Photo of Matt Johnson of The The by Gerald Jenkins
The The emerged from the UK’s fertile late 1970s and early 1980s post-punk scene. The band earned both chart success and critical acclaim throughout the 1980s and early 1990s with singer, songwriter, and sole consistent member Matt Johnson’s grouchy and perceptive dispatches from (and takedowns of) Thatcherite Britain. But after 1995’s Hanky Panky, a curious album comprised solely of Johnson’s mutated takes on Hank Williams classics, The The entered a long hiatus, only intermittently surfacing for one new album (2000’s NakedSelf), an occasional one-off single, or an irascible digital newsletter. Ensoulment, the group’s first non-soundtrack album in almost a quarter century, is astounding in its mere existence. But Johnson doesn’t want points for simply showing up. Ensoulment’s vibrancy is informed by the success of The The’s 2018 comeback tour, as captured on sublime live album The Comeback Special: Live at the Royal Albert Hall. It was not only a triumphant return to the spotlight, it was an opportunity to show off a new iteration of The The, which has always been less of a band, and more of an evolving idea fleshed out by a rotating cast of supporting players. While it wouldn’t be a The The album without being partially, and purposefully, abrasive, this new evolution of the group tempers those edges with an increased devotion to melody and a moodier sonic palette.
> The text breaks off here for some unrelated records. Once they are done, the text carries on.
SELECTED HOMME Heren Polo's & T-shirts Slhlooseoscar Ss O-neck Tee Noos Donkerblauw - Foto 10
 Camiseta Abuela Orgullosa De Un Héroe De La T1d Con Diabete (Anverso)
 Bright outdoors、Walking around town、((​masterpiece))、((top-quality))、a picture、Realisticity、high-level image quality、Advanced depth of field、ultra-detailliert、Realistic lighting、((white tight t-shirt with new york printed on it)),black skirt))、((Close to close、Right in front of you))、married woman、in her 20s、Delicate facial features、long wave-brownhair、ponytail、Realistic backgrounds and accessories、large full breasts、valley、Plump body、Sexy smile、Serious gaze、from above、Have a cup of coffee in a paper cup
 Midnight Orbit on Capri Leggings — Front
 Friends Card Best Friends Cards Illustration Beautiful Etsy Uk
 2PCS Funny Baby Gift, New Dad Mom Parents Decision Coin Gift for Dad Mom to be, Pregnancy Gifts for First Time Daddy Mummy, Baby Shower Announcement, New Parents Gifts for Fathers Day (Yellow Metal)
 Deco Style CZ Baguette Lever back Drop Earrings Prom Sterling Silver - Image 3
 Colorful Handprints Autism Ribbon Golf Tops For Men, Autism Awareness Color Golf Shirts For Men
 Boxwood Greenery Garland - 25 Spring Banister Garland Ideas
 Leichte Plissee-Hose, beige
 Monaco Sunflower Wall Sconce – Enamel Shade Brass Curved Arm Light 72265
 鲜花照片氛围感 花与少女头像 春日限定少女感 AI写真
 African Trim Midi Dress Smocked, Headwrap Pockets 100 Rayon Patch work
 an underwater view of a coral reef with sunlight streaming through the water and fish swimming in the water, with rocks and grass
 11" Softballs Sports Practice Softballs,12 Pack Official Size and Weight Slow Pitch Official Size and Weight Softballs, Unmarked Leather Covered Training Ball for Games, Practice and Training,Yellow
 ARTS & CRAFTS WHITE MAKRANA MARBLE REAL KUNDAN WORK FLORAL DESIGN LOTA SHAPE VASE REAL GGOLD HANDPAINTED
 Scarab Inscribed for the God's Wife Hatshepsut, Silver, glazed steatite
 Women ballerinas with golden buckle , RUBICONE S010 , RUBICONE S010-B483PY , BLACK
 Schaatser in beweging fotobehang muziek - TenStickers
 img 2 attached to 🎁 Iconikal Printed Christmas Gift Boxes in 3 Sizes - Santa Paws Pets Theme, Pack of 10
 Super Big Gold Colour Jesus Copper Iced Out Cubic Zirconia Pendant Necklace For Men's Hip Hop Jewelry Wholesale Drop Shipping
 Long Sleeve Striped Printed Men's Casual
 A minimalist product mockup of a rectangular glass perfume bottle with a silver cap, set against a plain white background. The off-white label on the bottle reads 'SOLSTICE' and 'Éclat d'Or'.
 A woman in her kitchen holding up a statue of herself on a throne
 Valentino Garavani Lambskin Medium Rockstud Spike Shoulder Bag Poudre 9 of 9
The The’s best work has always been informed by Johnson’s lyrical obsessions: sex, religion, geopolitics, and the eternal battle inside us all between dark and light. On Ensoulment, (which was produced by Johnson and Warne Livesey—who previously worked on The The’s late 1980s classics Infected and Mind Bomb), Johnson’s fires continue to rage. Check out the agitated disbelief of “Kissing the Ring of POTUS,” and the rankled pushback against shifting Overton windows of first single “Cognitive Dissident.” But Ensoulment also smolders, informed by age and experience, finding room for smaller meditations, while wisely not tamping down The The’s hallmark tempestuousness. “Down by the Frozen River” looks back at the homogenizing tradition of British public schools (which are really private schools—yeah, I know), draping still-sharpened knives in sumptuously menacing jazz-noir piano. In a film, you would see Johnson, now a stubbly 63 years old, standing in a wool cap and overcoat, looking out across a frigid January field, watching his younger self attempt to “escape with an empty head—but an open mind.”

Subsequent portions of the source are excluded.